Did Labour run a structural deficit before the recession?
"I don't think we had a structural deficit at all in that period [before the recession]"
Ed Balls, BBC Andrew Marr Show, 30 January 2011
Ed Balls' appointment as Shadow Chancellor earlier this month has inevitably piqued interest in his record at the Treasury, where he worked under Gordon Brown during Tony Blair's premiership.
However the new Shadow Chancellor's claim that the previous Government had not run a structural deficit before the recession hit seemed a particularly striking and brave defence of its economic record.
Especially so given that a glance at his own Government's Pre-Budget Report of 2007 recorded a cyclically-adjusted deficit — the term for the structural deficit favoured by economists — of 3.1 per cent for the financial year prior to the recession.
Similarly the Organisation for Economic Co-operation and Development (OECD) has published figures which suggest that in the first decade under Labour the cyclically-adjusted deficit grew by around 1 per cent.

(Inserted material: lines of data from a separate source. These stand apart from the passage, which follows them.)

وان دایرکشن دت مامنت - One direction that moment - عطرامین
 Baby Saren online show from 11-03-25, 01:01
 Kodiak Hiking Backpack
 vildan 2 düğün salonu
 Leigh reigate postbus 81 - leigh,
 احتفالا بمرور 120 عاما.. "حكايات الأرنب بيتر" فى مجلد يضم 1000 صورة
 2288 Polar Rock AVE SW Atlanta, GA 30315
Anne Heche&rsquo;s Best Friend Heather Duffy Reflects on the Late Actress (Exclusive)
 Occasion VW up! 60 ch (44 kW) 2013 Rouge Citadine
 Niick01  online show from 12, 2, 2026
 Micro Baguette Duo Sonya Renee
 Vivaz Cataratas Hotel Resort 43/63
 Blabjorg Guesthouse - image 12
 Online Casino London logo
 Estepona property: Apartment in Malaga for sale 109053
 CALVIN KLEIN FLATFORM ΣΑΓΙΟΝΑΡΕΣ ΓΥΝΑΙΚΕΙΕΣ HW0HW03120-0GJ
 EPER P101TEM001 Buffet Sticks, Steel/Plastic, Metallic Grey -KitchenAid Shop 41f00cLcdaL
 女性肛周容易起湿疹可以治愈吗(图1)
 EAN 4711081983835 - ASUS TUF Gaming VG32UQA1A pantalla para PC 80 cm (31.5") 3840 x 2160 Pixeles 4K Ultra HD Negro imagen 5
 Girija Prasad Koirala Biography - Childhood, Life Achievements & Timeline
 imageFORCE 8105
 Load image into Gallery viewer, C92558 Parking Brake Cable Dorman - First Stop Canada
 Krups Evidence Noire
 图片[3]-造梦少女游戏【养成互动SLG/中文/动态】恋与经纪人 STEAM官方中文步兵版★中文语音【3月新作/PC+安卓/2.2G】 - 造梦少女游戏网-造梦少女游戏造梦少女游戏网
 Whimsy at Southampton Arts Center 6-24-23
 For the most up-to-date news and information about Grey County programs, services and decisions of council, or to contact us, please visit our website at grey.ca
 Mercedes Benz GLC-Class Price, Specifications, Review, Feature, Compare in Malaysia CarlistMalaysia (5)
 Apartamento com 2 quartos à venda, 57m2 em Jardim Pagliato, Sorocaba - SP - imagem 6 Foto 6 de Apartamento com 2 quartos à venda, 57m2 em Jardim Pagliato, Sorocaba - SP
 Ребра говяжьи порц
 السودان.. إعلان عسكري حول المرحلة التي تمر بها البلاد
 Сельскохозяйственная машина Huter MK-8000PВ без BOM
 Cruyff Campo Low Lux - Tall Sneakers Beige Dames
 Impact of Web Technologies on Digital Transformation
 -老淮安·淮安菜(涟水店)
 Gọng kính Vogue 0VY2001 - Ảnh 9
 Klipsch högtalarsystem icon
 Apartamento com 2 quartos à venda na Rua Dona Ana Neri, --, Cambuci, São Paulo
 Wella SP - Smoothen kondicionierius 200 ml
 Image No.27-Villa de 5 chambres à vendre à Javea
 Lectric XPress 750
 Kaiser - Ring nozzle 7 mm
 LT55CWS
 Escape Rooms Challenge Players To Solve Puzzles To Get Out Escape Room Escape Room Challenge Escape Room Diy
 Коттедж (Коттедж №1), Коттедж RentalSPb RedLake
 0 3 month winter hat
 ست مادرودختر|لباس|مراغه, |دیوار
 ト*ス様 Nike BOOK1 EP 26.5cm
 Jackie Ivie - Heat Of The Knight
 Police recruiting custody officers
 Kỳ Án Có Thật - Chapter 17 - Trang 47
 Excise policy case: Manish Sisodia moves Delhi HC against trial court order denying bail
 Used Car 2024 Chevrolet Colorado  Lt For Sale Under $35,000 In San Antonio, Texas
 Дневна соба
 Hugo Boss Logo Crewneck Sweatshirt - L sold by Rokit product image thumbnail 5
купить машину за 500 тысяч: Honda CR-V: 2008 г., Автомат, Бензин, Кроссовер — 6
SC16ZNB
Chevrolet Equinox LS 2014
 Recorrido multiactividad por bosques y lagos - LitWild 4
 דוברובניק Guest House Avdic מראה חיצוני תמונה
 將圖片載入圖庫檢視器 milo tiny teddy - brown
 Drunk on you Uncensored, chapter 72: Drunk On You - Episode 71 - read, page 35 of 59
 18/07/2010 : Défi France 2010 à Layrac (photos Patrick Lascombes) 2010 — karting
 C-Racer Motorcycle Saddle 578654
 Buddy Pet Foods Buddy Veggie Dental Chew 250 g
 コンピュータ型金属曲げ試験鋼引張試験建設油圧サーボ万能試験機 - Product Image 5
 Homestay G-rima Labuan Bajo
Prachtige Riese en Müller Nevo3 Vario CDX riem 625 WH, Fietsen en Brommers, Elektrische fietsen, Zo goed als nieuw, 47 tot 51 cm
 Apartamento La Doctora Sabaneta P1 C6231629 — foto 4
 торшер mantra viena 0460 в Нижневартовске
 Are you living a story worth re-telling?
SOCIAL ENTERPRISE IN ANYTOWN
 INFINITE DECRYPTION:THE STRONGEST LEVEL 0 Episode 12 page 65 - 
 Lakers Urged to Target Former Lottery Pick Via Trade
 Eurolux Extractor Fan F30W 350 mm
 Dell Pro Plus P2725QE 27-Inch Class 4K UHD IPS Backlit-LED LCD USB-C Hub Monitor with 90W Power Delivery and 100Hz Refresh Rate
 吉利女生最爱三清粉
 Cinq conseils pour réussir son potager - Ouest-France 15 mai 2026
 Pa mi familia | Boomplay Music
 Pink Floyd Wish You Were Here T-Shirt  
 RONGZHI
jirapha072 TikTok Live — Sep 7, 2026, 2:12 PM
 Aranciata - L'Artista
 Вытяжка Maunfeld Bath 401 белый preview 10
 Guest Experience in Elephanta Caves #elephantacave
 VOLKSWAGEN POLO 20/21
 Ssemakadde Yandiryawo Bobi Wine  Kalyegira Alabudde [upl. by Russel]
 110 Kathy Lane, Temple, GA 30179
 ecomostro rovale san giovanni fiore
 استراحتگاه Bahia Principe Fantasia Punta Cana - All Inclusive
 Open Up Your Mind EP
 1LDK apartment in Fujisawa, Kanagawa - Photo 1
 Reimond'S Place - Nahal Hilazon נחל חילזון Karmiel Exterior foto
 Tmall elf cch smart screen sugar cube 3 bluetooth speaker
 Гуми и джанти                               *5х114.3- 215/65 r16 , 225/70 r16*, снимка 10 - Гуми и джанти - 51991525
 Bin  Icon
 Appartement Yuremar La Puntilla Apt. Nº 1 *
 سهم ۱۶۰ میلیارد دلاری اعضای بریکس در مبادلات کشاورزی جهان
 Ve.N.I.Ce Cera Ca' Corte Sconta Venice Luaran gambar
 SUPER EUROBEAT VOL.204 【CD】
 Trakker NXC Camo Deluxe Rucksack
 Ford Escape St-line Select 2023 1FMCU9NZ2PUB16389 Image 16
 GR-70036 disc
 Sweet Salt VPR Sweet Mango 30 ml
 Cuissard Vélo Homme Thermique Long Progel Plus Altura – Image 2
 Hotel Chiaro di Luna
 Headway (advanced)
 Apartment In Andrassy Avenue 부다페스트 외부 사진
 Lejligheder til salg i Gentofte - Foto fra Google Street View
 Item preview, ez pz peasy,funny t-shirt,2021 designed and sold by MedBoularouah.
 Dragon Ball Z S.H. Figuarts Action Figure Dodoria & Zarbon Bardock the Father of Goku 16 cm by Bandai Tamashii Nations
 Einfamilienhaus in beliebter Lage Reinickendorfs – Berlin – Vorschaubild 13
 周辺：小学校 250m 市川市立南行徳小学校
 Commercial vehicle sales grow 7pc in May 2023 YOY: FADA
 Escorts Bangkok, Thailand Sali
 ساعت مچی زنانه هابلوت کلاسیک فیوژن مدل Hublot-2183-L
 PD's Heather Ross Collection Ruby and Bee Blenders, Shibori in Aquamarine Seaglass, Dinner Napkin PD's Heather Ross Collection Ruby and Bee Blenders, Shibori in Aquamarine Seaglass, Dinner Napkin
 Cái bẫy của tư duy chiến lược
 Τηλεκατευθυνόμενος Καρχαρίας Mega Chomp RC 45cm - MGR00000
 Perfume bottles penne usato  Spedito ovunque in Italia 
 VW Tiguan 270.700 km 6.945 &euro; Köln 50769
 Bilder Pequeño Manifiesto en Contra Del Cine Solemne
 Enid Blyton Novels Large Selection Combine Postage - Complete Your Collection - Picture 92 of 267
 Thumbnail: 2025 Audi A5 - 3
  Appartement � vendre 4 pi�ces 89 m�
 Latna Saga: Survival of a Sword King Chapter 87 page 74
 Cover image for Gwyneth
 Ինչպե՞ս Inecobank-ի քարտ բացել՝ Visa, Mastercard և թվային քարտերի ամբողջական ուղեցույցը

However to substantiate his claim, Mr Balls argued that "we had a deficit, but we were covering that with investment."
The reference point for the Shadow Chancellor here is Gordon Brown's so-called "Golden Rule", which argued that a Government should only borrow to invest, rather than to cover the financing of its day-to-day operations.
There is some evidence that increased capital expenditure does indeed partly account for the deficit maintained by Labour between 2002 and 2008. The Institute for Fiscal Studies noted in its 2008 report 'The UK Public Finances: Ready for Recession?' that: "Labour has used more of its
borrowing to finance capital investment rather than current spending than the Conservatives did."
Yet whilst this may explain the reasons for a structural deficit, it cannot hide the fact that one did exist. The concept of a structural deficit is somewhat amorphous, relying as it does upon estimations of the peak potential of a given economy (for more details, see our report 'The Big Question'). What is clear however is that by the Treasury's own judgement, and that of international bodies, there was a structural deficit between 2002 and 2008.